■ **AVAILABLE DATA**

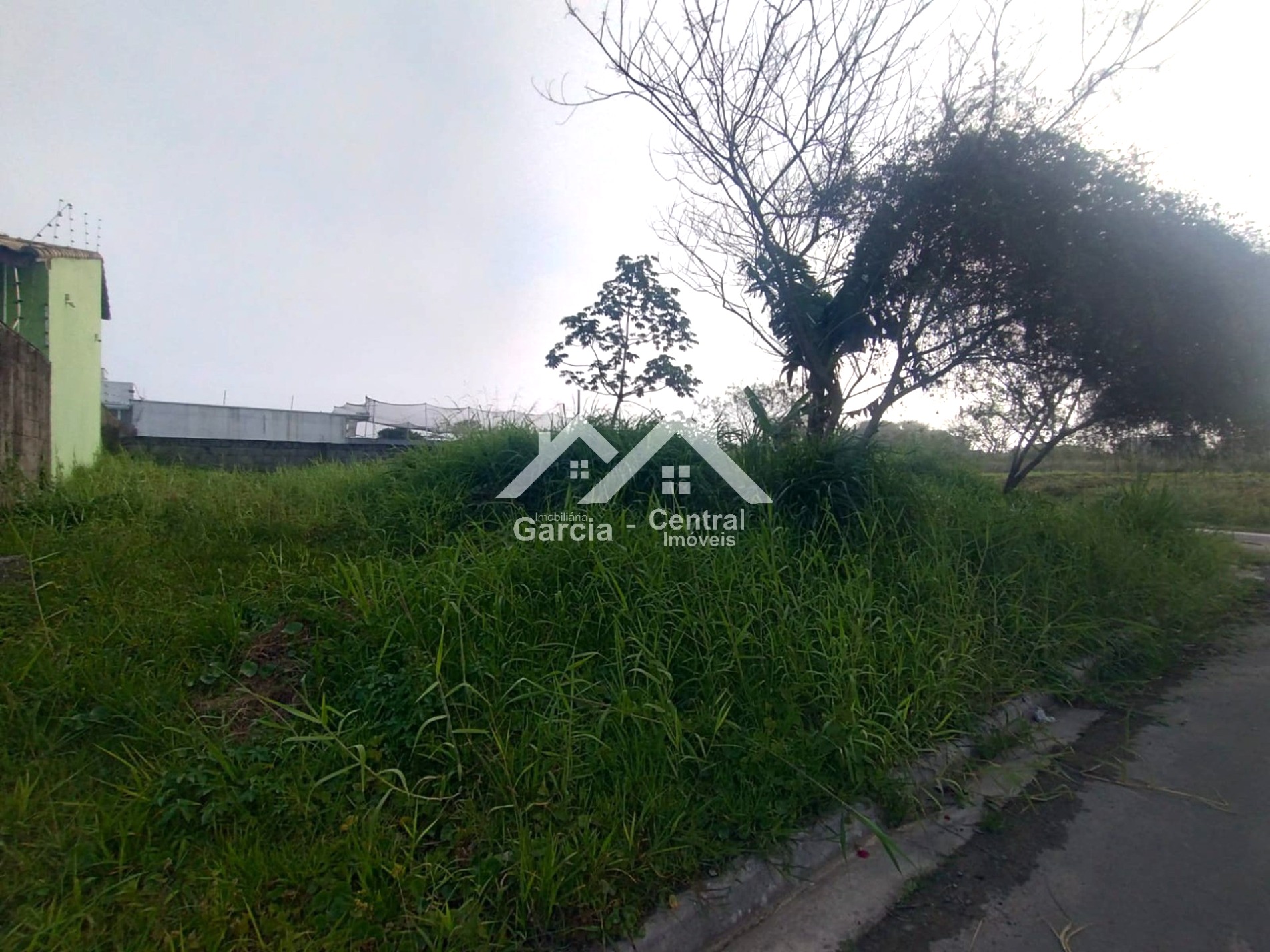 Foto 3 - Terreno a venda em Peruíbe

* * *

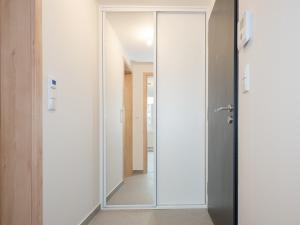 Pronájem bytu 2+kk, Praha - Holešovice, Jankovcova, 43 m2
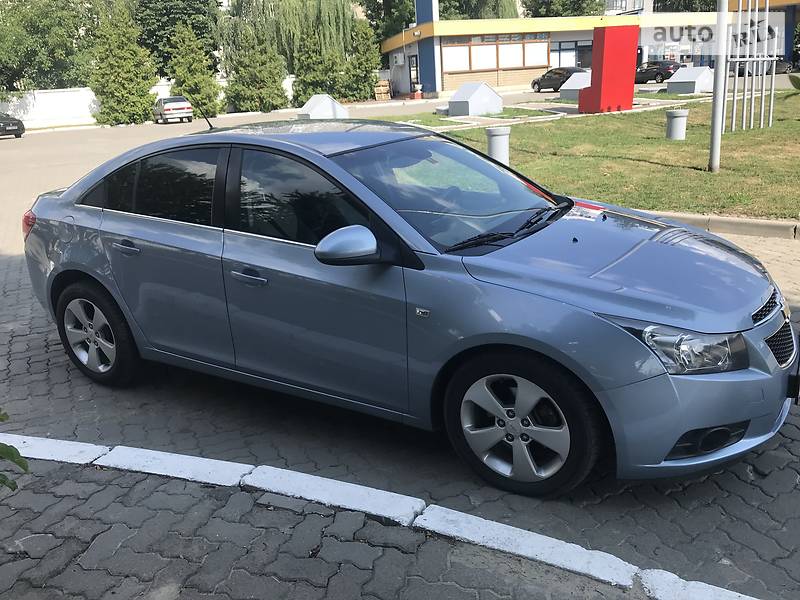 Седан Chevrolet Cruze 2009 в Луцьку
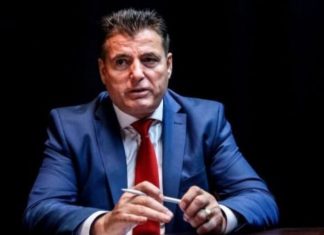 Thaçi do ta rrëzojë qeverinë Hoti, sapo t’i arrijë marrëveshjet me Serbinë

---

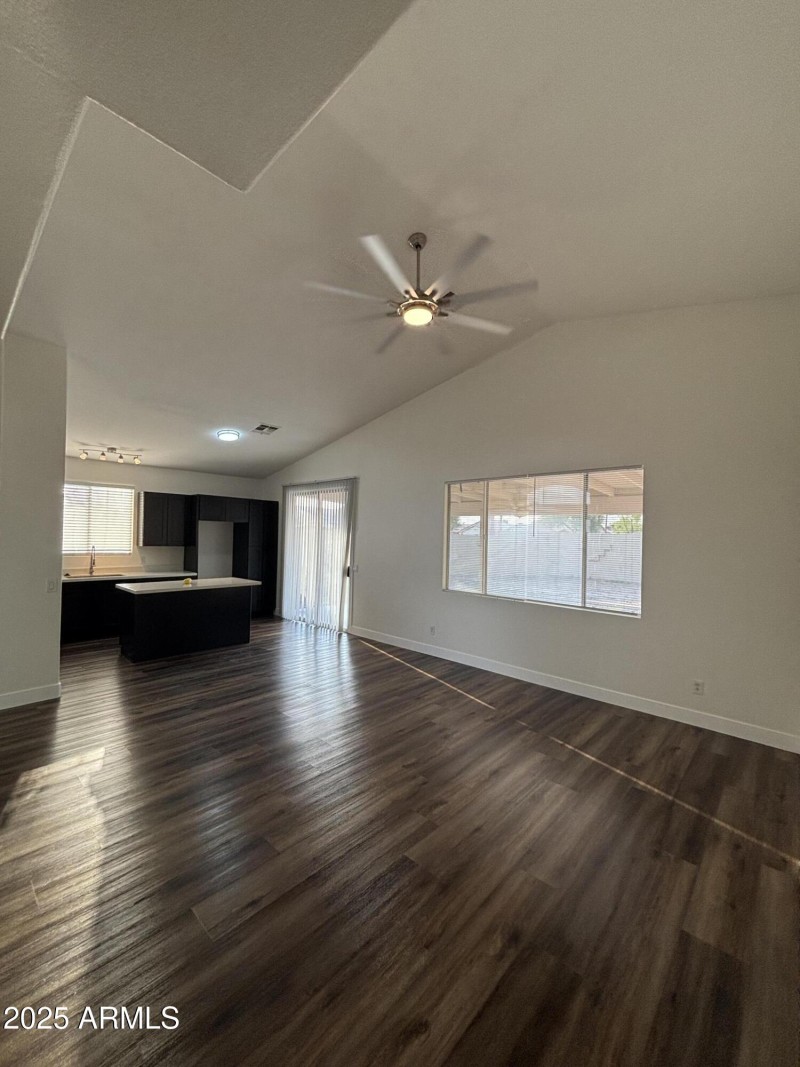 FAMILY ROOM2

■ **TASK DETAILS**
From the records above, write out exactly the lines that begin at the line with "Седан Chevrolet Cruze 2009 в Луцьку" and end at the line with "Thaçi do ta". Pictures must not appear in the output.

■ **ANSWER SECTION**
 Седан Chevrolet Cruze 2009 в Луцьку
 Thaçi do ta rrëzojë qeverinë Hoti, sapo t’i arrijë marrëveshjet me Serbinë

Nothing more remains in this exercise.